DESCRIPTION OF THE TASK: Your job is to give again, exactly and with no additions, the lines in the records below from the one with "Critics fear Benin" through the one with "13 Campelles Avenue, Varsity", both included. Omit the pictures.

------

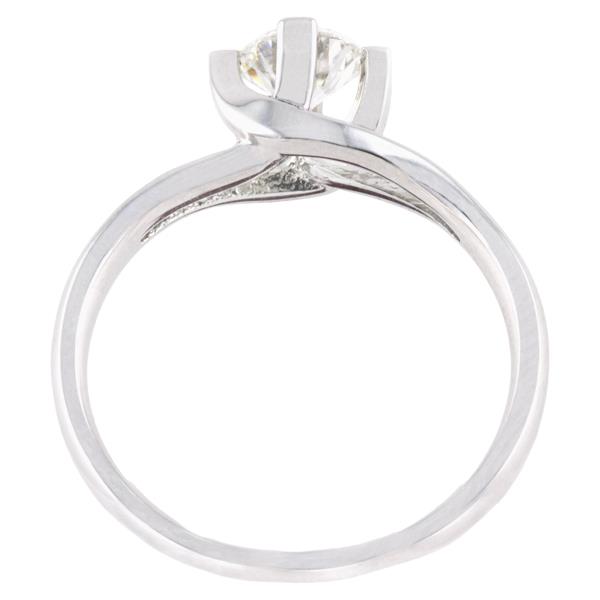 Помолвочное кольцо из белого золота с 1 бриллиантом 0,49 карат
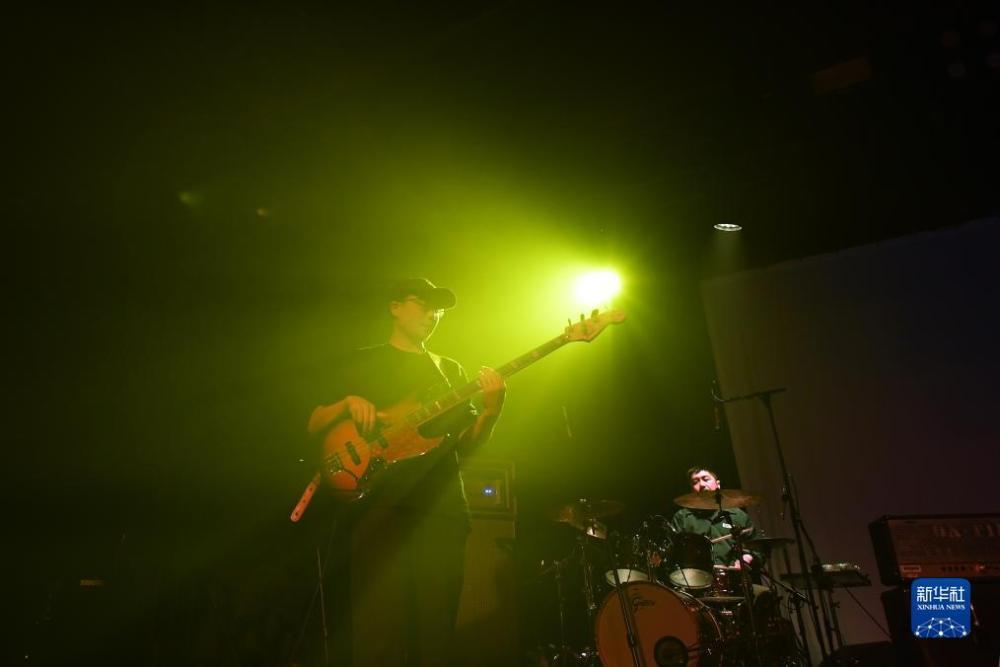 11月25日，万能青年旅店乐队在美国纽约举行的“有朋自东方来”音乐节上表演。新华社记者 李睿 摄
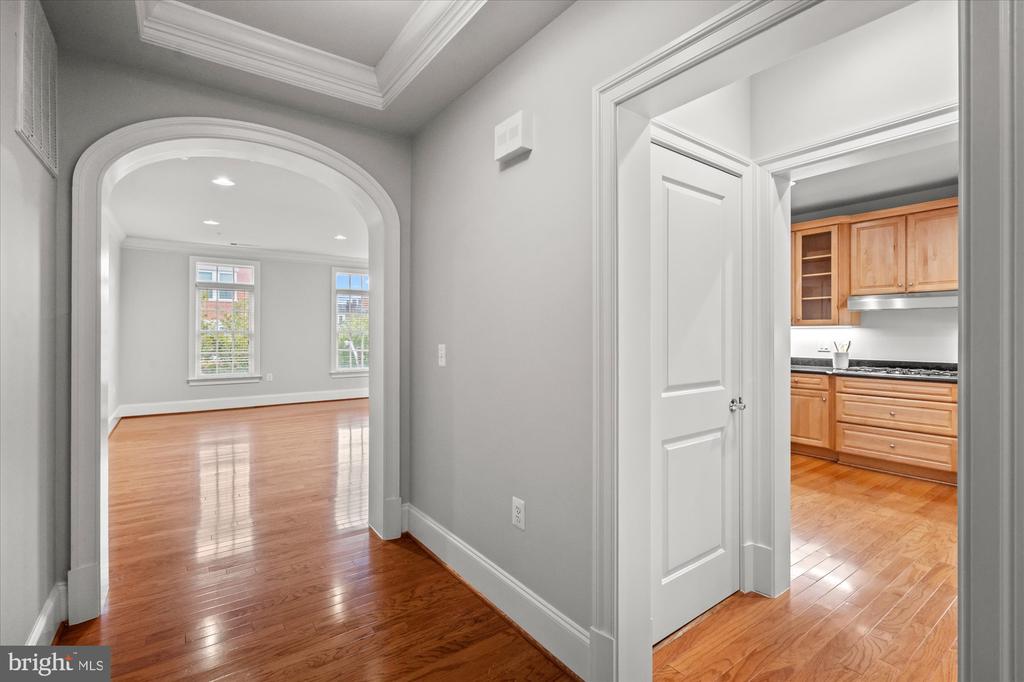 600 SECOND STREET 304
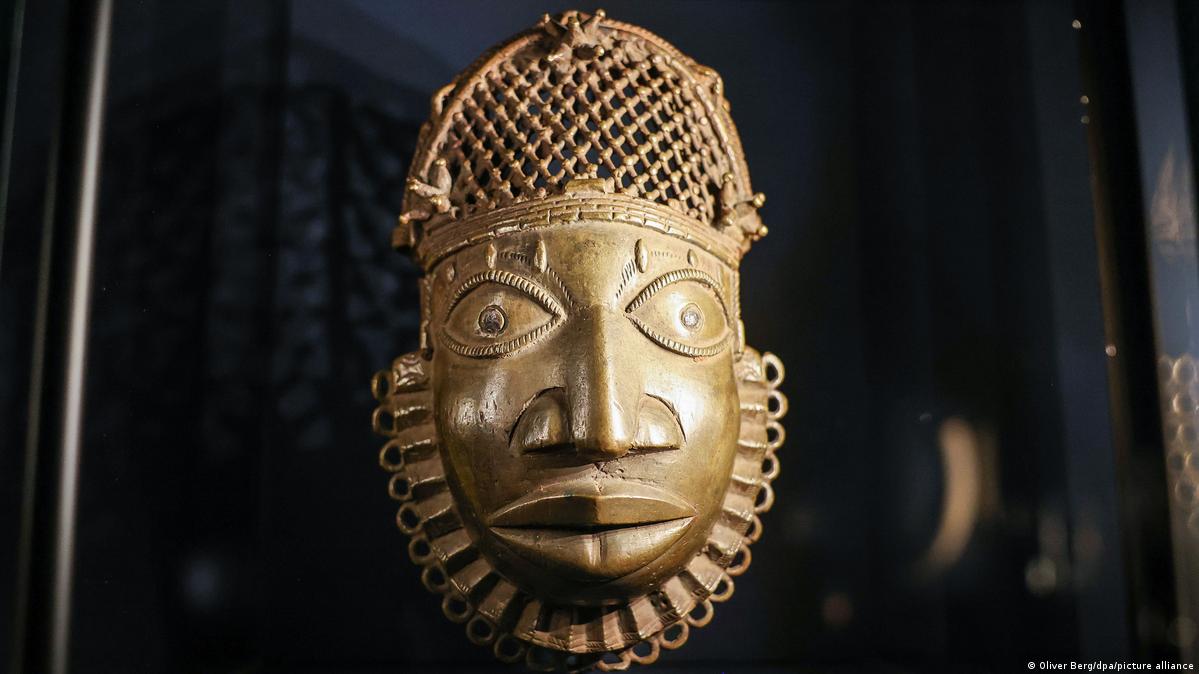 Critics fear Benin Bronzes could be privatized by – DW – 05/08/2023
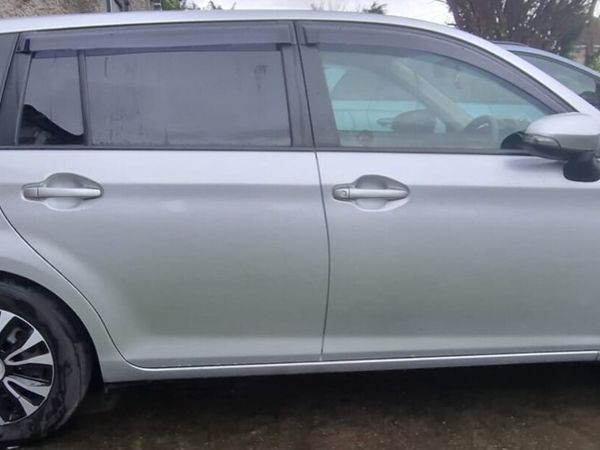 Toyota Corolla Estate, Petrol Hybrid, 2015, Silver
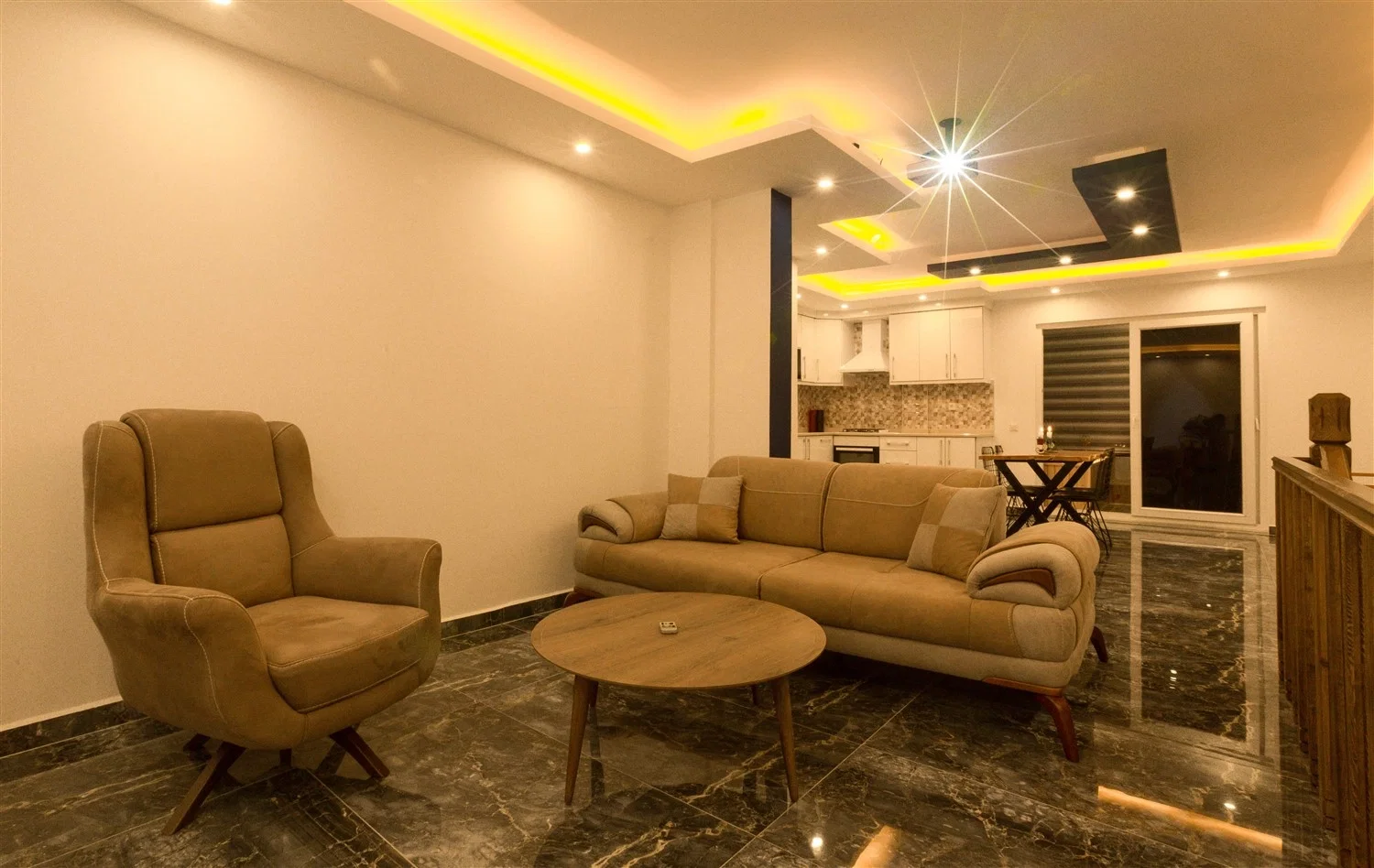 Bezirgan’da Huzurlu, Korunaklı Havuzlu, 8 Kişilik, Kiralık Villa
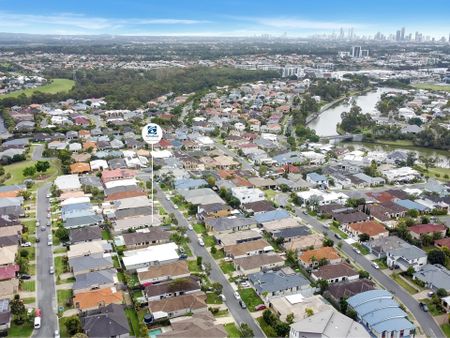 13 Campelles Avenue, Varsity Lakes QLD - Photo 2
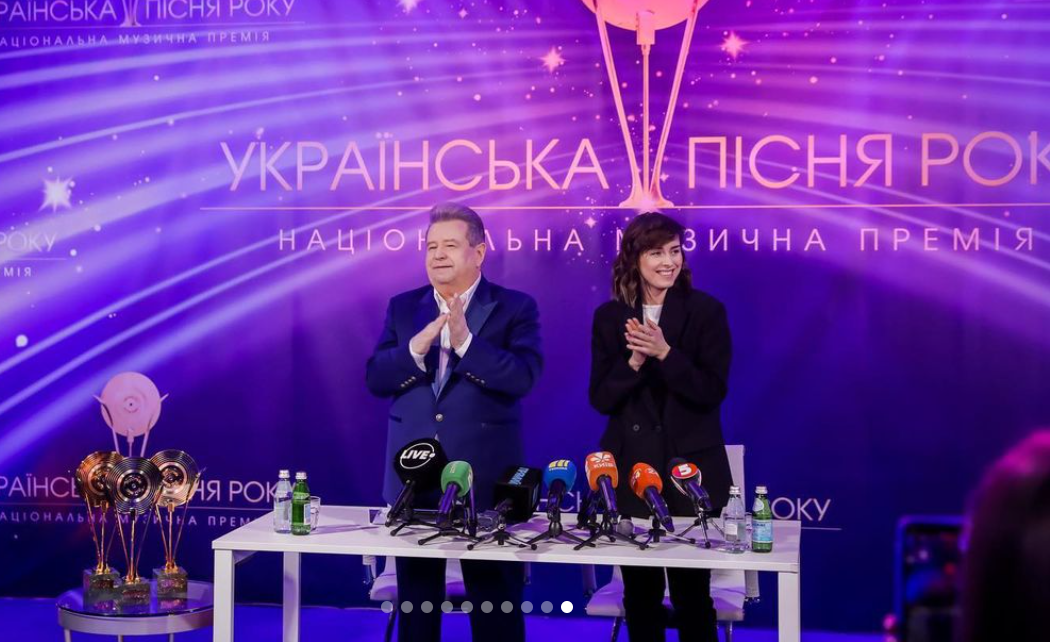 Сюрпризи 'Української пісні року': прем'єра першої за 20 років пісні Сердючки українською та Тіна Кароль у ролі ведучої Сюрпризи 'Української пісні року': прем'єра першої за 20 років пісні Сердючки українською та Тіна Кароль у ролі ведучої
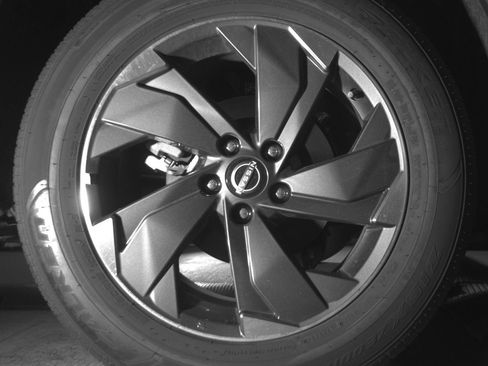 Used 2025 Nissan Rogue SV image 15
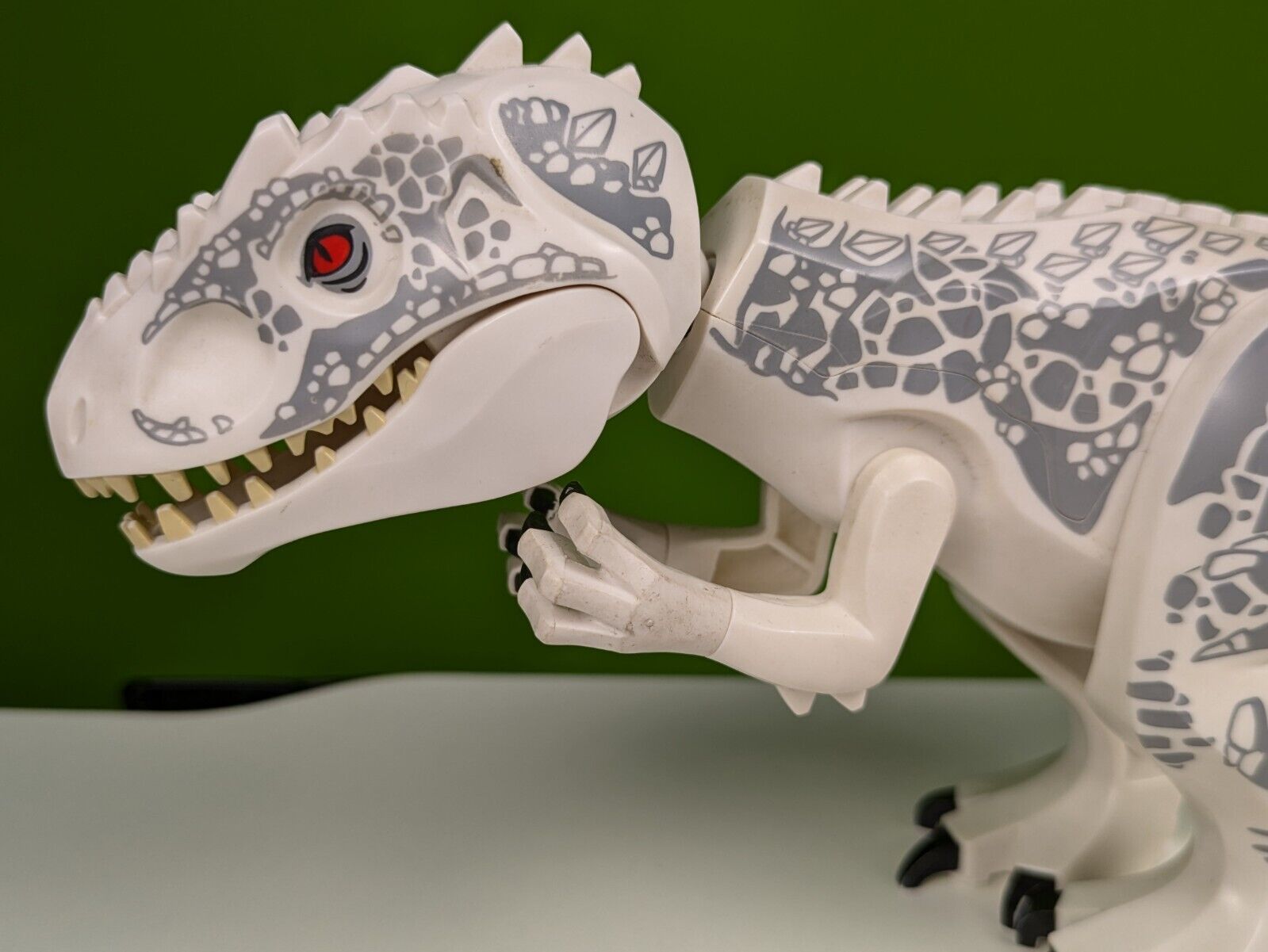 Lego Jurassic World: Indominus Rex - Dark Bluish Gray Spots IndoRex01 Set 75919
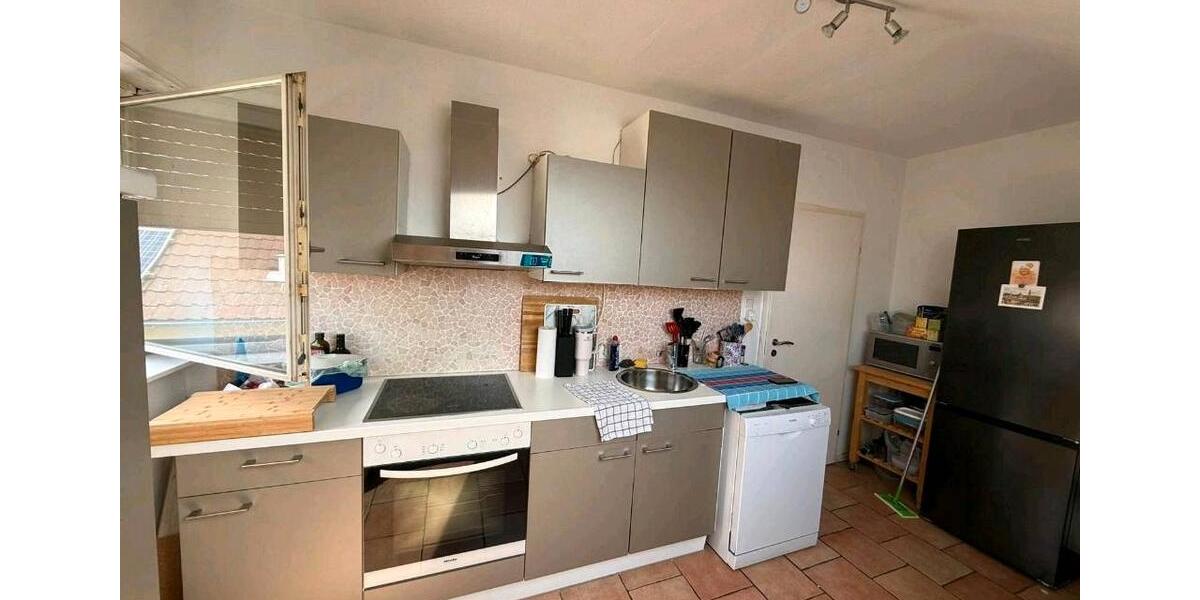 Dachgeschoßwohnung Walldorf - 3 Zimmer, 56 m&sup2;, 800&euro; | Angebot:26604019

------

REPLY:
 Critics fear Benin Bronzes could be privatized by – DW – 05/08/2023
 Toyota Corolla Estate, Petrol Hybrid, 2015, Silver
 Bezirgan’da Huzurlu, Korunaklı Havuzlu, 8 Kişilik, Kiralık Villa
 13 Campelles Avenue, Varsity Lakes QLD - Photo 2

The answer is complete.